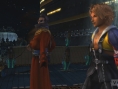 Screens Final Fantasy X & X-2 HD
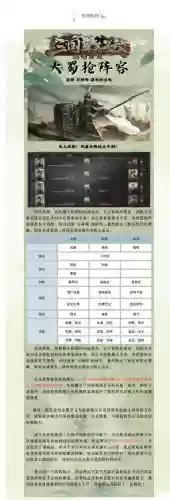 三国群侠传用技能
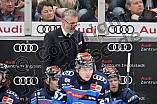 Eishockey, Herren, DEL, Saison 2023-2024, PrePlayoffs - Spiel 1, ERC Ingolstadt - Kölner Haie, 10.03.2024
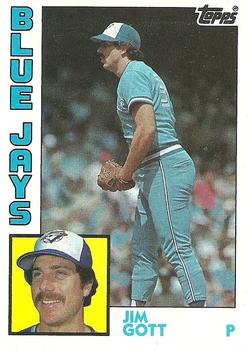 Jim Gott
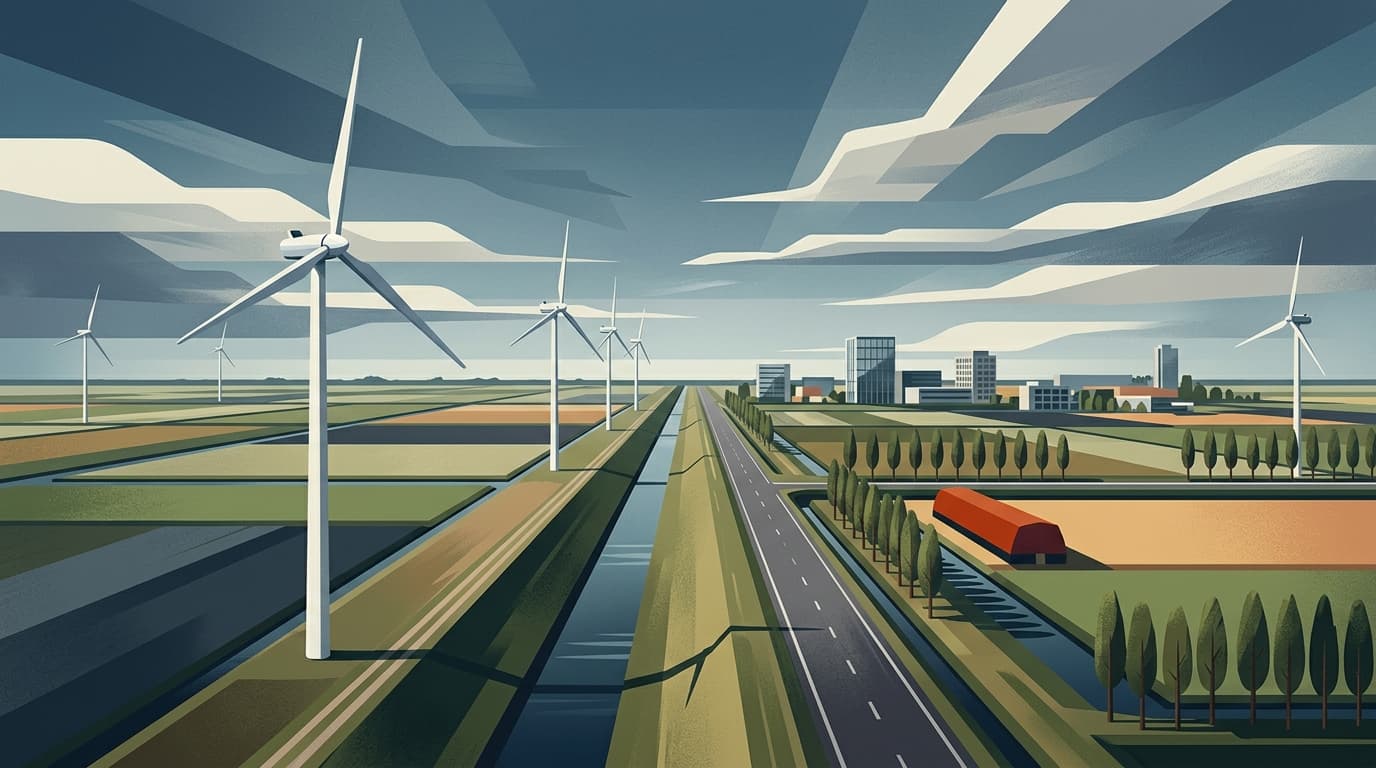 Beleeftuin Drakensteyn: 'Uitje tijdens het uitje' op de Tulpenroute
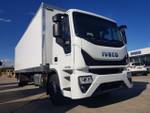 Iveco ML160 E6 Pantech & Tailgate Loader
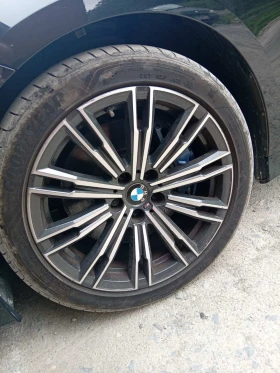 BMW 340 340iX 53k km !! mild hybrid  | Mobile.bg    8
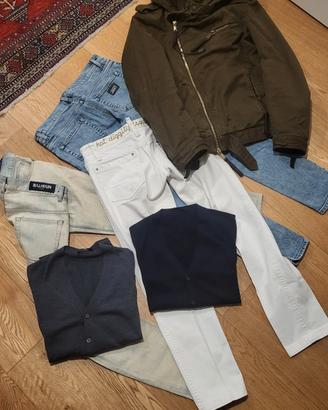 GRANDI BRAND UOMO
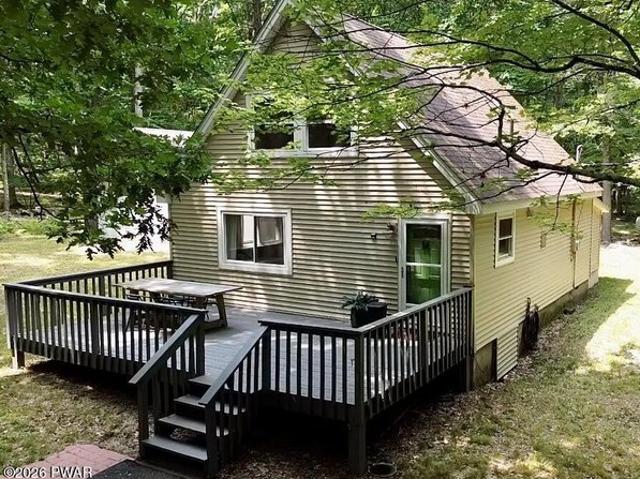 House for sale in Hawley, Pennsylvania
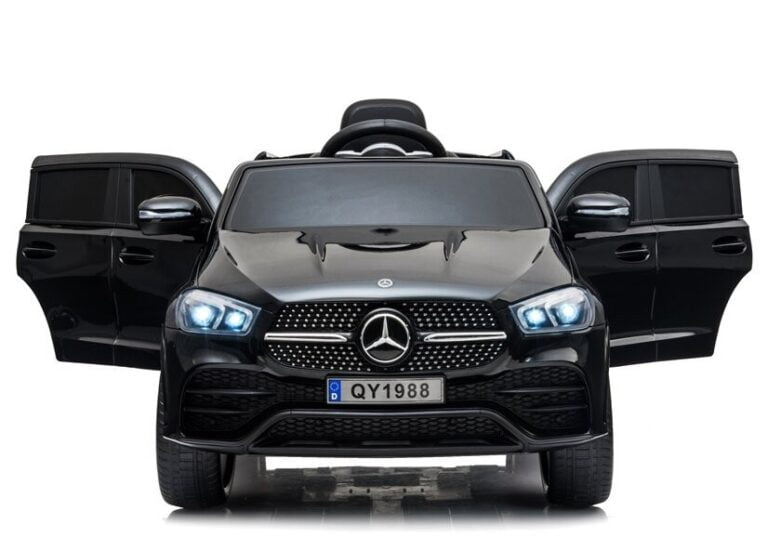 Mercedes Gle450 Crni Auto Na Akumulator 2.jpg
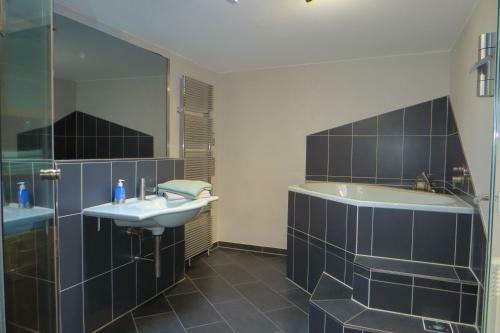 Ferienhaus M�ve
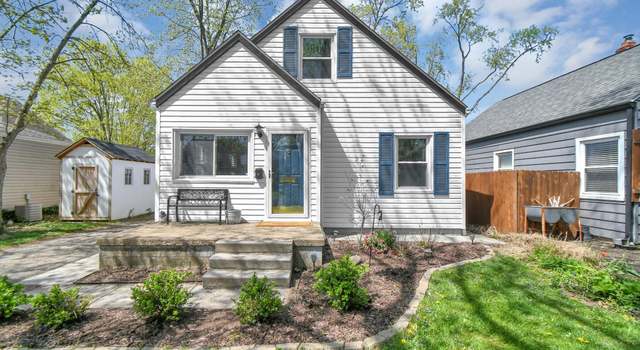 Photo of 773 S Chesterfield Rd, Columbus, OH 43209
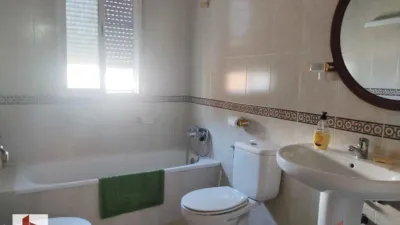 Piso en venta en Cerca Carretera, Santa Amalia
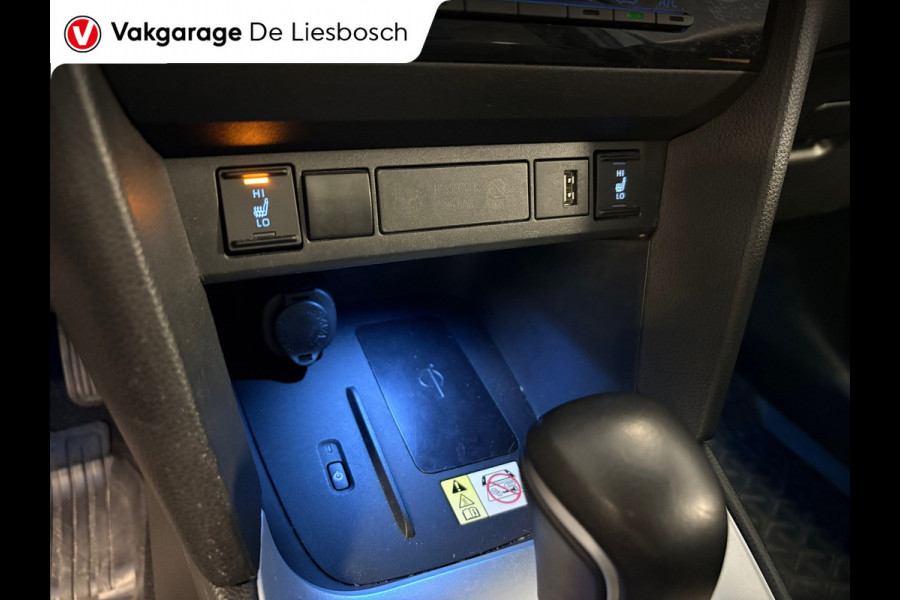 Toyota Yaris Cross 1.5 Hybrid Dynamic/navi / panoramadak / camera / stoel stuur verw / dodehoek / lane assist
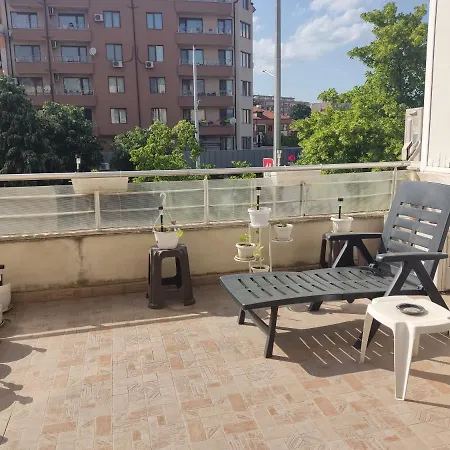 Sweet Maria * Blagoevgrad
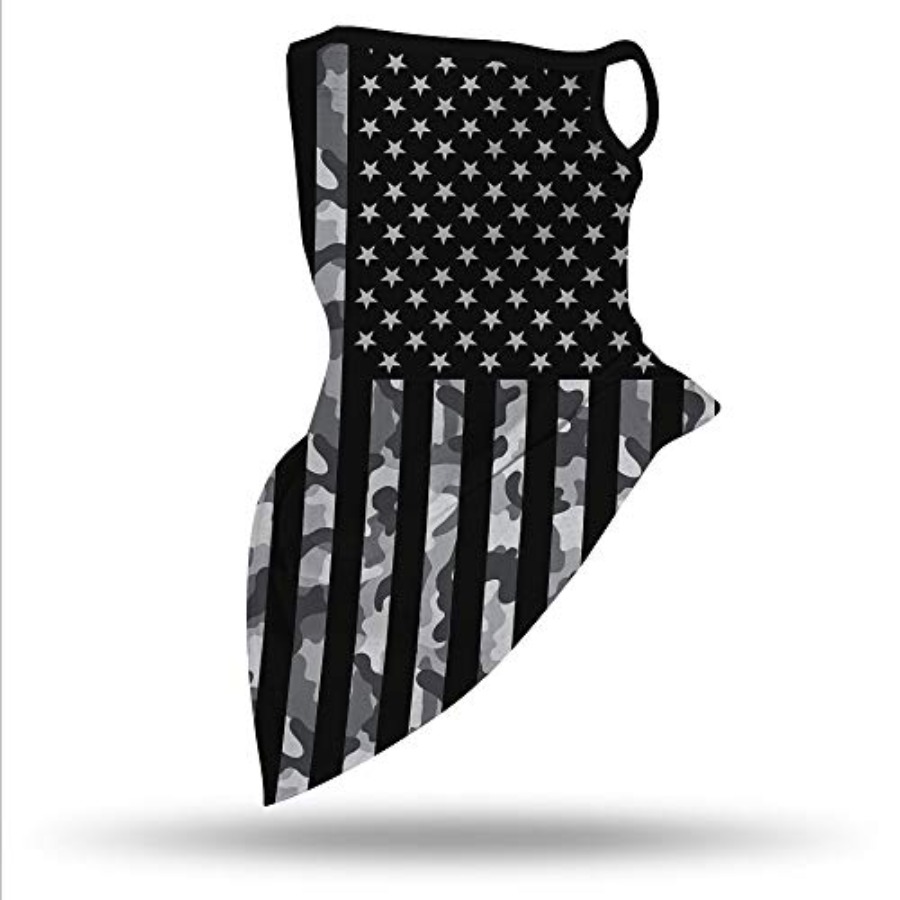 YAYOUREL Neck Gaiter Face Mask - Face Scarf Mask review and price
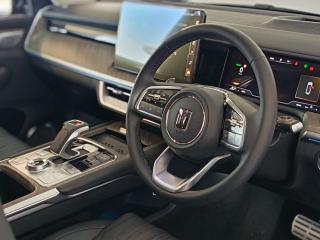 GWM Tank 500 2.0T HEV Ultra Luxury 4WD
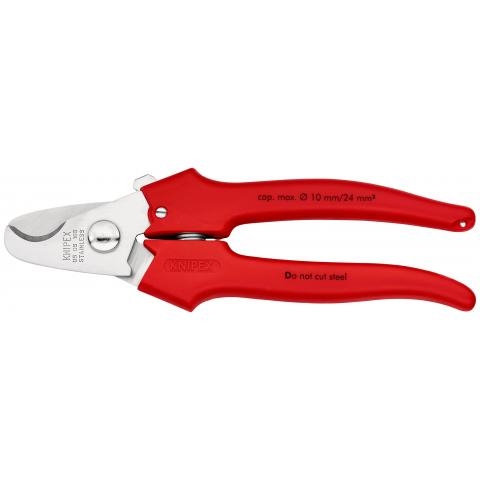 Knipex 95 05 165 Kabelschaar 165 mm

☆ ☆ ☆ ☆ ☆ ☆ ☆

> **TO DO**
Only the text of the listing above is wanted, transcribed exactly, without its images.

> **REPLY**
 Screens Final Fantasy X & X-2 HD
 三国群侠传用技能
 Eishockey, Herren, DEL, Saison 2023-2024, PrePlayoffs - Spiel 1, ERC Ingolstadt - Kölner Haie, 10.03.2024
 Jim Gott
 Beleeftuin Drakensteyn: 'Uitje tijdens het uitje' op de Tulpenroute
 Iveco ML160 E6 Pantech & Tailgate Loader
 BMW 340 340iX 53k km !! mild hybrid  | Mobile.bg    8
 GRANDI BRAND UOMO
 House for sale in Hawley, Pennsylvania
 Mercedes Gle450 Crni Auto Na Akumulator 2.jpg
 Ferienhaus M�ve
 Photo of 773 S Chesterfield Rd, Columbus, OH 43209
 Piso en venta en Cerca Carretera, Santa Amalia
 Toyota Yaris Cross 1.5 Hybrid Dynamic/navi / panoramadak / camera / stoel stuur verw / dodehoek / lane assist
 Sweet Maria * Blagoevgrad
 YAYOUREL Neck Gaiter Face Mask - Face Scarf Mask review and price
 GWM Tank 500 2.0T HEV Ultra Luxury 4WD
 Knipex 95 05 165 Kabelschaar 165 mm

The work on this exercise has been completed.